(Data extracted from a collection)
☆ ☆ ☆ ☆ ☆
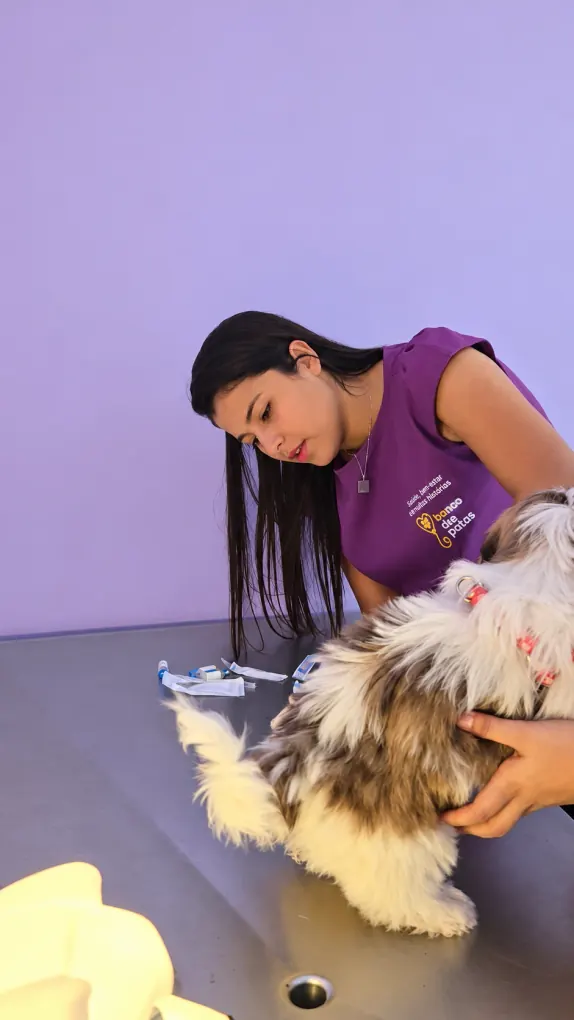 Veterinária atendendo um cão na mesa de vacinação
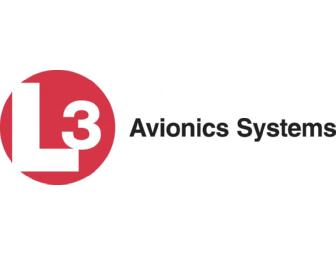 Two Zulu ANR Headsets and a Leather Flight Bag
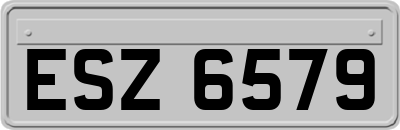 ESZ6579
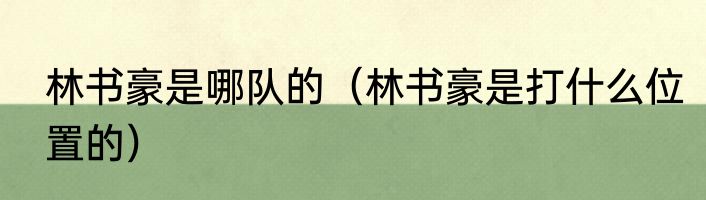 林书豪是哪队的（林书豪是打什么位置的）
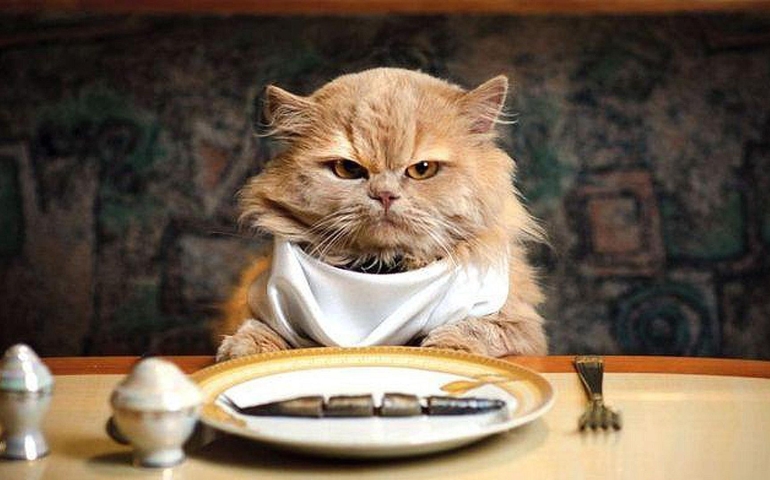 what-do-you-really-know-about-pet-food.jpg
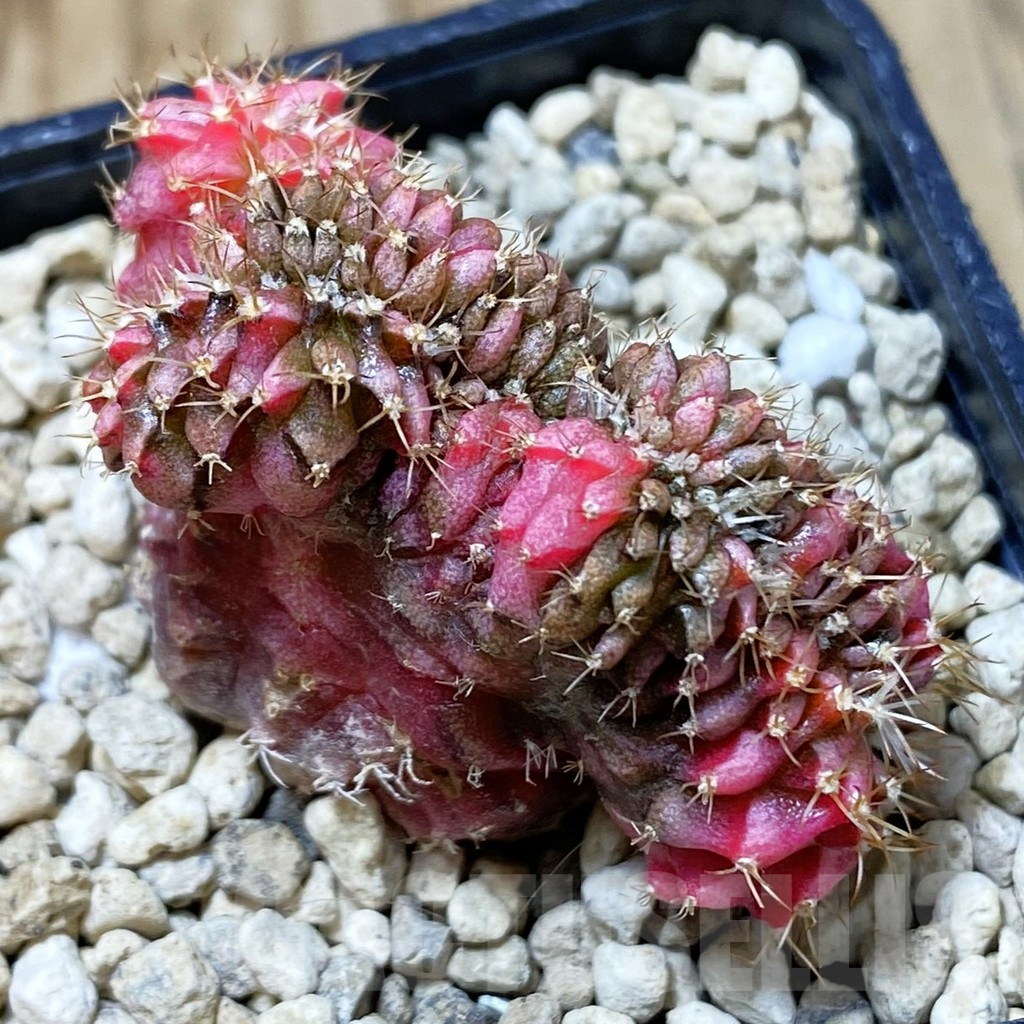 SHPR36254 Gymnocalycium mihanovichii variegata f. cristata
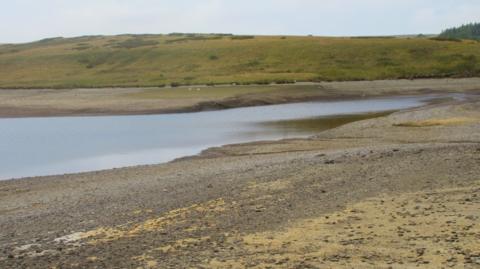 Mae Cyfoeth Naturiol Cymru yn asesu'r sefyllfa mewn sawl ardal, fel yma yn Llyn Aled Isaf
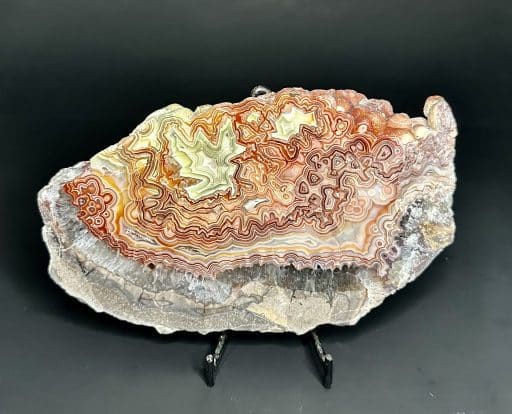 Mexican Lace Agate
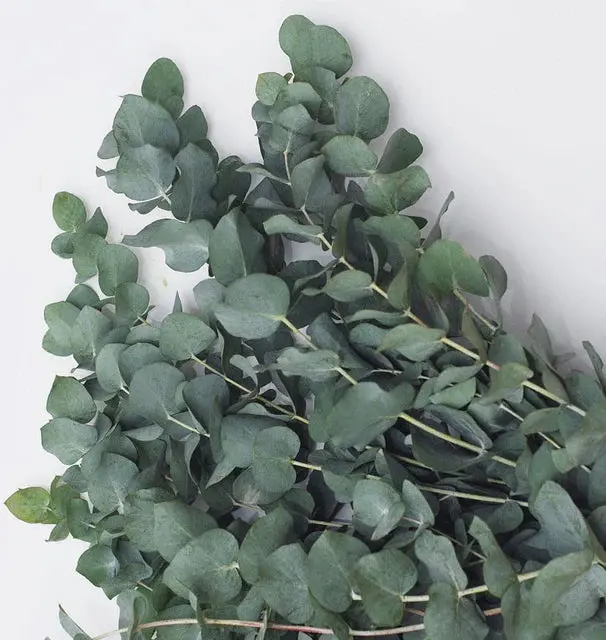 Fl1209 Sliver Dollar Eucalyptus 1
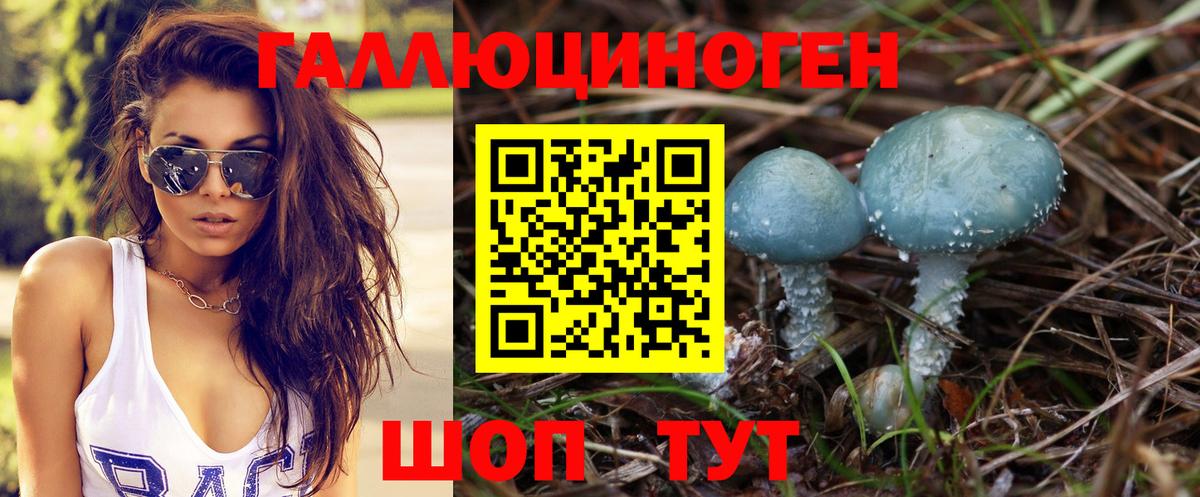 Псилоцибиновые грибы Psilocybine cubensis  Вход с VPN  сколько стоит  Псилоцибиновые грибы Magic Shrooms  Раменское 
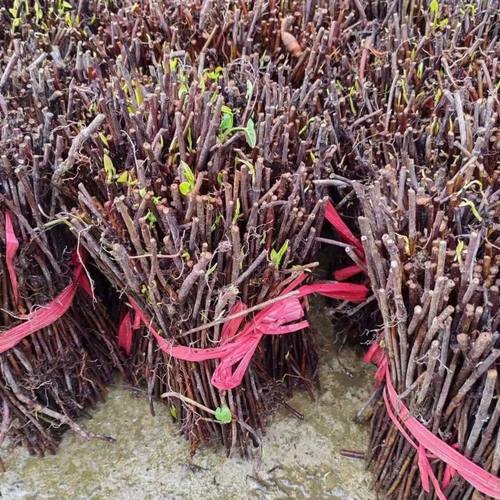 1000颗高产何首乌苗 正宗何首乌树苗 赤首乌苗易存活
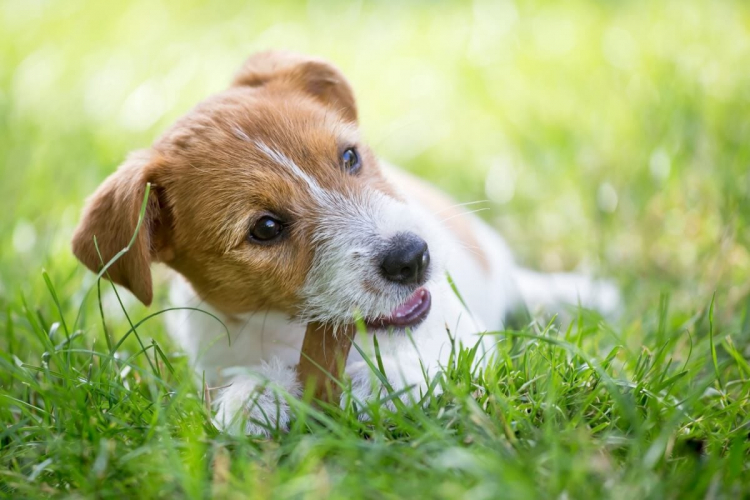 3 dicas para oferecer petiscos aos animais de estimação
☆ ☆ ☆ ☆ ☆
Work to be completed: Only the line with "Fl1209 Sliver Dollar Eucalyptus 1" and those preceding it, back to the first line of the entries, should be repeated exactly, without pictures.

Response to the task:
 Veterinária atendendo um cão na mesa de vacinação
 Two Zulu ANR Headsets and a Leather Flight Bag
 ESZ6579
 林书豪是哪队的（林书豪是打什么位置的）
 what-do-you-really-know-about-pet-food.jpg
 SHPR36254 Gymnocalycium mihanovichii variegata f. cristata
 Mae Cyfoeth Naturiol Cymru yn asesu'r sefyllfa mewn sawl ardal, fel yma yn Llyn Aled Isaf
 Mexican Lace Agate
 Fl1209 Sliver Dollar Eucalyptus 1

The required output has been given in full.